The Philippines is considering pulling troops back from a guerilla camp where three International Committee of the Red Cross (ICRC) hostages are being held.

This content was published on March 27, 2009 - 10:47

But the interior secretary of the Philippines, Ronaldo Puno, rejected the kidnappers' demands for a full army withdrawal from the area on the southern island of Jolo.

"We will not surrender the entire island to the capricious demand of the kidnappers," he said, adding that there would be no ransom payments either. "If we do this, everybody outside this area becomes a potential kidnap victim."
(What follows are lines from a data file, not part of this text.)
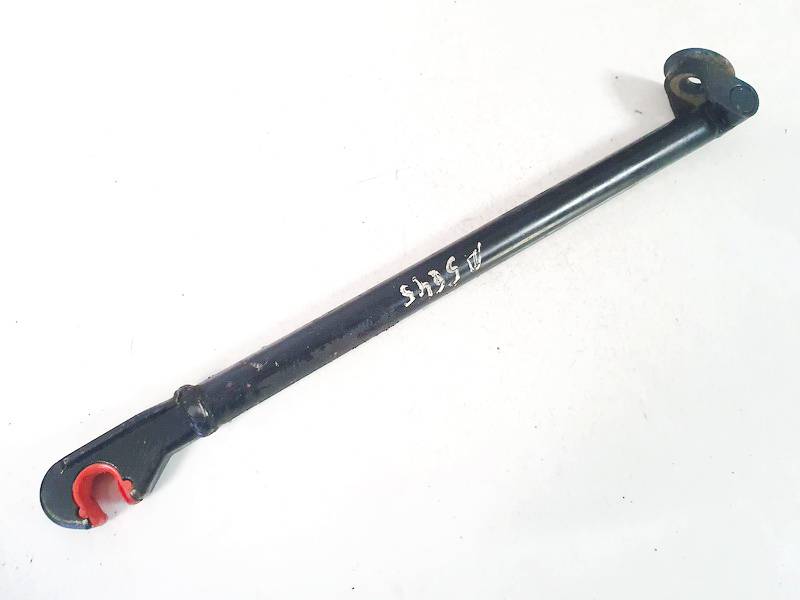 Volkswagen Touran 2003 Other car part - Thumbnail 3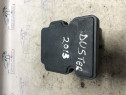 Pompa abs Dacia Duster 2013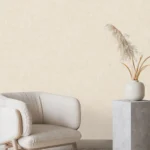 (Vivid Paradise Wallpaper) EW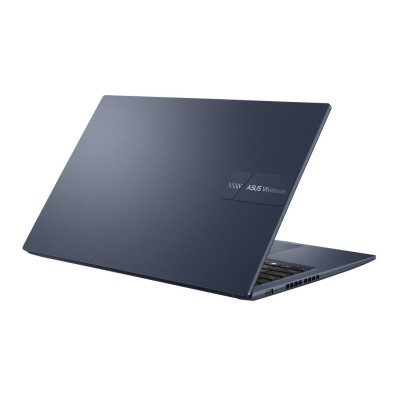 ASUS VivoBook 15 F1502ZA Quiet Blue (F1502ZA-SB71)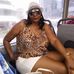 Vickie Saunders - Facebook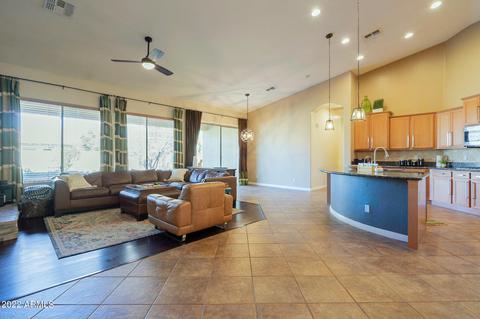 422 E Hopkins Rd, Gilbert, AZ 85295 photo 11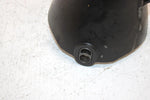 1999 Sea-doo Gti Oem Steering Nozzle 271000889 JS44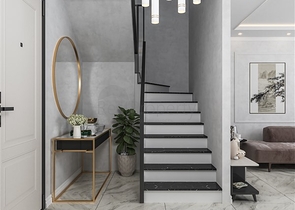 Строящийся комплекс в районе Оба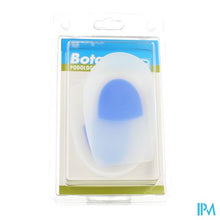 Load image into Gallery viewer, Bota Podo 10 Hielspoorkussen Xl 1paar

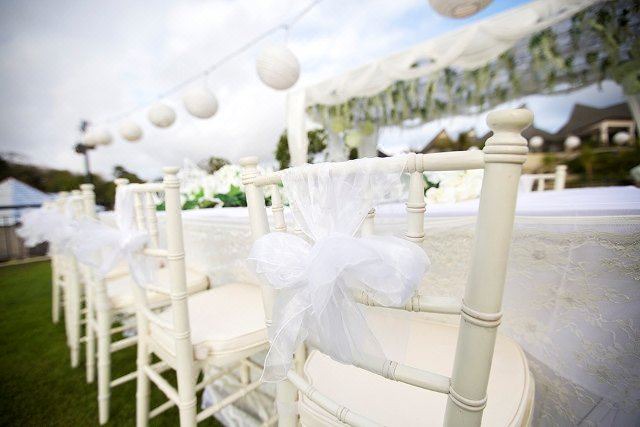 Photo of Patio Balcony in Pecatu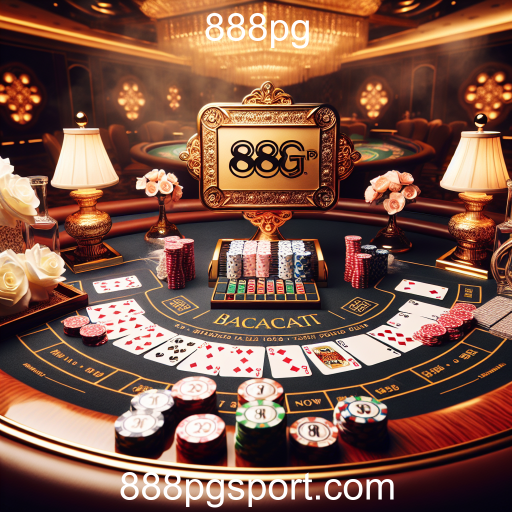 Baccarat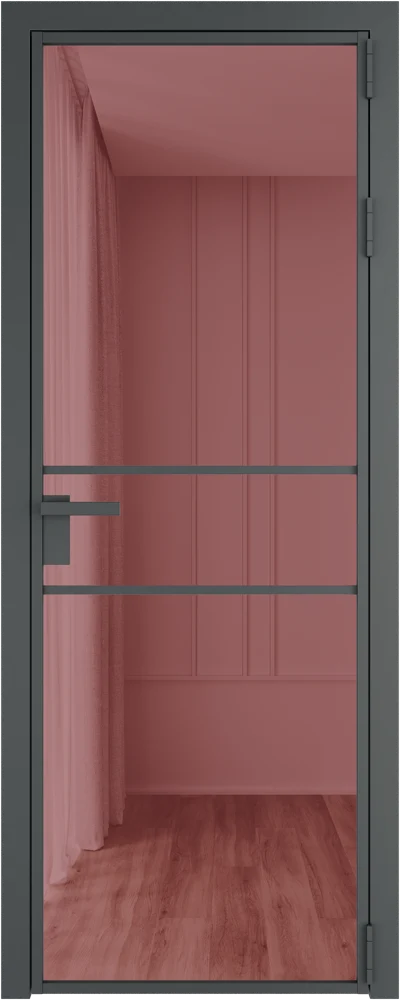 Дверь ProfilDoors 2AG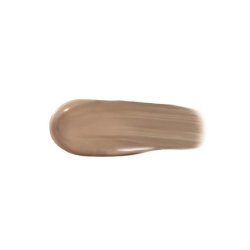 IsaDora Natural Matt Foundation 35ml - Shade 14 Matt Beige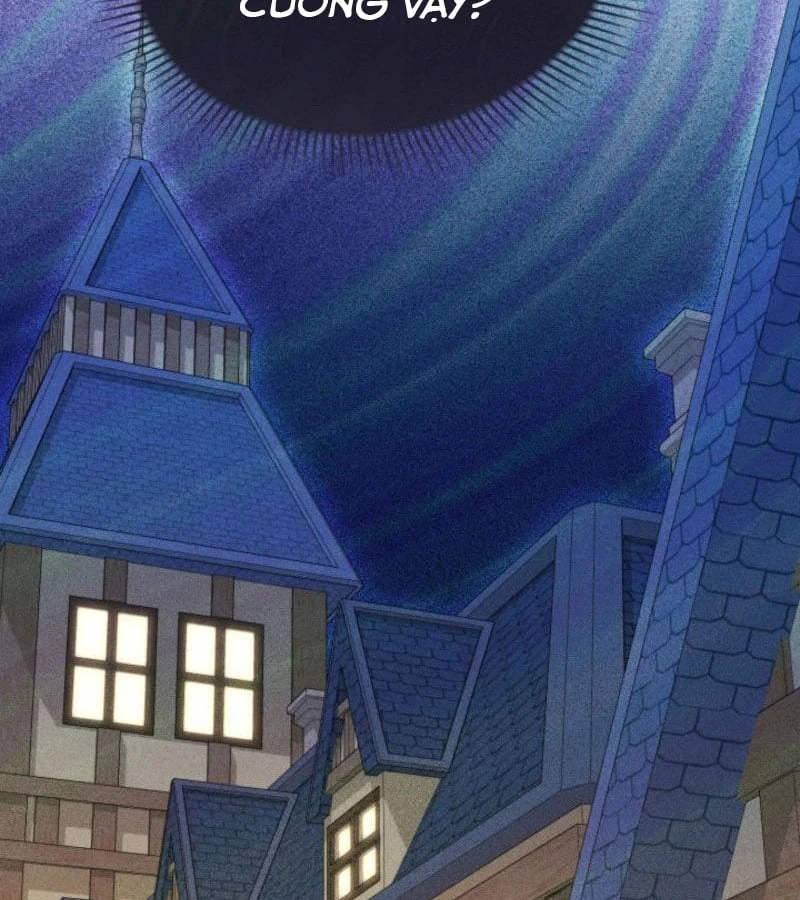 Tái Sinh Thành Con Gái Của Kẻ Phản Diện Chapter 104 - 62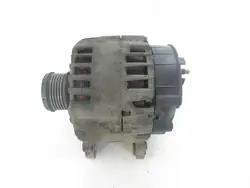 ALTERNATOR RENAULT NISSAN MEGANE III JUKE 1.5 DCI OEM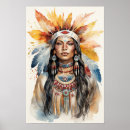 Suche nach perlen halsketten Aquarell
The hostages, a Swiss, an Italian and a Philippines national working for the Geneva-based ICRC, were captured on Jolo in mid-January.

Abu Sayyaf militants have threatened to behead one of the hostages unless the government allows them to move more freely on the island and withdraws security forces from a cordon set up around their stronghold by Tuesday.

Jolo Governor Satur Tan said repositioning the troops several kilometres away could allow the negotiations to continue, but that the government would not give the militants too much space to manoeuvre.

The ICRC said it was "extremely concerned" for the hostages' safety and urged the military on Thursday to consider the withdrawal demand.

The United States-backed military, which has been battling the Abu Sayyaf for more than a decade, had earlier rejected a troop withdrawal, saying the militants could not be trusted.